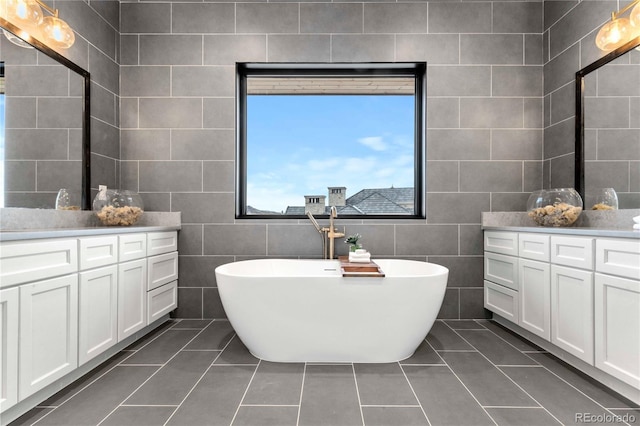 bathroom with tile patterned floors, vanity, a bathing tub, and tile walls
◇ ◇ ◇ ◇ ◇ ◇ ◇
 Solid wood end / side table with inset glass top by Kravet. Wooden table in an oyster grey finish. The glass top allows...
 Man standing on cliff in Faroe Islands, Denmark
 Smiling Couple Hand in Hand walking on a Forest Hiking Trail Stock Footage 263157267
◇ ◇ ◇ ◇ ◇ ◇ ◇
Among the lines above, find the one with "Man standing on" and the one with "Smiling Couple Hand". Quote both and everything between them, exactly.

Task output
 Man standing on cliff in Faroe Islands, Denmark
 Smiling Couple Hand in Hand walking on a Forest Hiking Trail Stock Footage 263157267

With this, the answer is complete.